Il miracolo annuale in cui milioni di fedeli, ma anche i laici, sperano; la storia tramandata nei secoli della sua protezione e l’essere figura consolatoria per chi da Napoli è lontano, sono motivi sufficienti per avanzare la candidatura del Culto e devozione di San Gennaro a Napoli e nel Mondo quale patrimonio immateriale dell’Unesco. La presentazione ufficiale dell’inizio di tale percorso, che dovrà passare anche attraverso il Ministero dei Beni Culturali – sponda fondamentale per proseguire nella strada del riconoscimento – si è tenuta sabato 26 novembre al complesso di Largo Donnaregina, altro riferimento storico e religioso di Napoli. Partecipando all’incontro con il Ministro per i Beni Culturali, Giuliano Sangiuliano, i sindaci di Pozzuoli e Benevento, Luigi Manzoni e Clemente Mastella, il rettore della Federico II di Napoli, Matteo Lorito, e all’arcivescovo emerito di Napoli, Crescenzio Sepe, l’arcivescovo metropolitano di Napoli, don Mimmo Battaglia, ha detto: “San Gennaro rappresenta la risonanza culturale e popolare a Napoli e nel mondo, la millenaria vicenda di Napoli e del popolo campano scorre in noi attraverso il suo sangue in cui i napoletani hanno visto negli anni il proprio sangue speso per una lotta di società giusta ed equa, un sangue sparso nella storia qui contro le barbarie e la criminalità organizzata”. Don Mimmo Battaglia, da quasi due anni a capo della Curia di Napoli, ha fatto poi riferimento a un evento storico per suffragare ulteriormente il rapporto tra la città partenopea e San Gennaro. “Napoli è anche culla di libertà, è stata l’unica città a liberarsi da sola dall’occupazione nazifascista, due anni prima della liberazione: le 4 giornate furono un episodio eroico di amore per la libertà. I Napoletani liberarono Napoli senza eserciti e anche su questo San Gennaro fu maestro”. “Secondo alcune statistiche, il culto di San Gennaro arriva sino a 20 milioni nel mondo e non si tratta solo di credenti ma anche di laici.
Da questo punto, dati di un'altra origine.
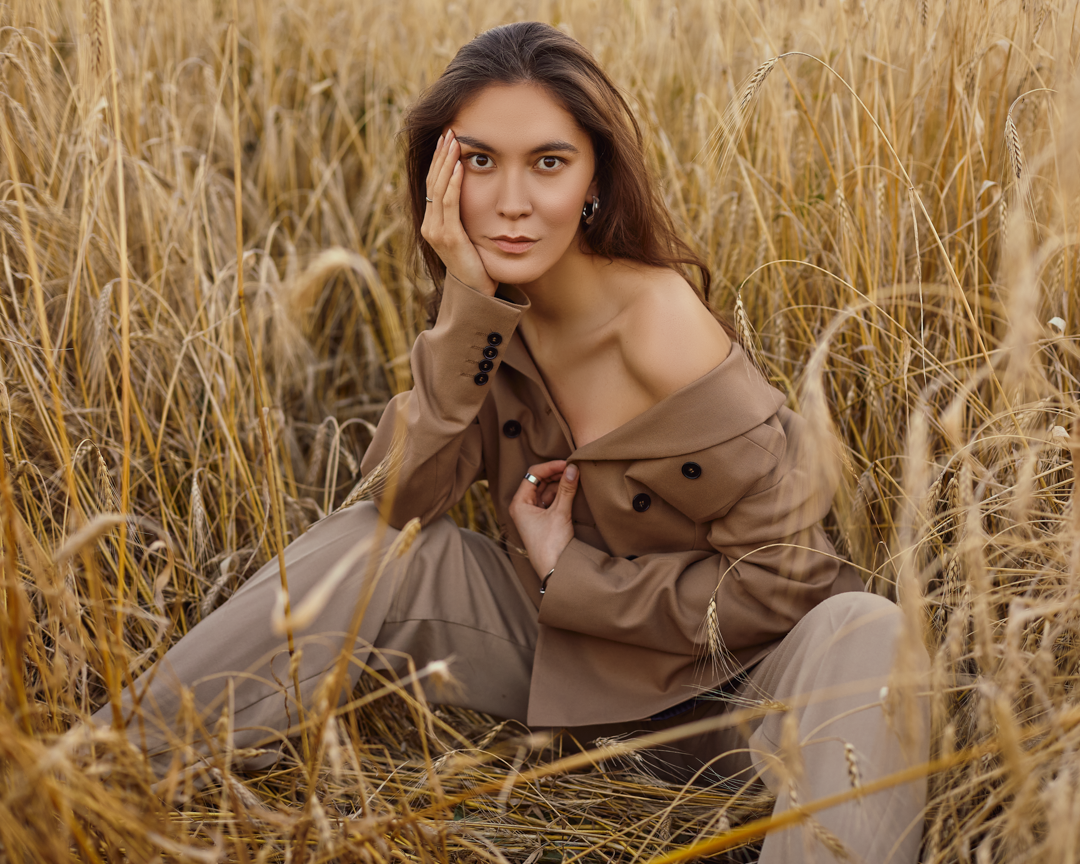 Поле. Главная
La rete intrecciata è spessa , le parole dell’arcivescovo emerito di Napoli, il cardinale Crescenzio Sepe, in prima linea a lanciare l’iniziativa sostenuta da Regione Campania e Comune di Napoli.

La figura di San Gennaro, per sua stessa ammissione, ha un ascendente anche sull’attuale ministro della Cultura, Gennaro Sangiuliano, nato nella zona di via Foria, altro luogo anche questo non distante dal Duomo di Napoli e che porta proprio il nome del santo come milioni di altri napoletani. Promettendo impegno per portare avanti la candidatura di all’Unesco, Sangiuliano si è riferito a San Gennaro come “identità innanzitutto morale ed etica, che va al di là della morale religiosa. San Gennaro è simbolo della tradizione partenopea ma è un’entità che in tutto il mondo si è fatta ascoltare, quindi mettiamo massima attenzione a questa richiesta del suo ingresso nel patrimonio dell’Unesco”. “Non pretendiamo che San Gennaro sia più santo degli altri ma è l’unico caso in cui la città si è costruita antropologicamente attorno a lui con la sensibilità, il costume”, le parole di Adolfo Russo, presidente del Comitato Promotore e Direttore del Museo Diocesano, che ha aggiunto: “I napoletani quando sono costretti a emigrare portano con sé San Gennaro, come così avviene quando c’è uno sfratto di casa San Gennaro ha fatto grande Napoli, ma Napoli ha fatto conoscere San Gennaro in tutto il mondo” . A plaudire all’iniziativa di far riconoscere San Gennaro come patrimonio immateriale dell’Unesco anche l’antropologo Marino Niola, docente di Antropologia dei Simboli all’Università degli Studi Suor Orsola Benincasa di Napoli. “Il grande acquisto di questa candidatura è il riconoscimento di Napoli. Il culto di San Gennaro – secondo Niola – non è solo un fenomeno locale ma appartiene all’umanità. San Gennaro, essendo anche il simbolo riassuntivo, rappresenta la cultura di Napoli nel mondo”.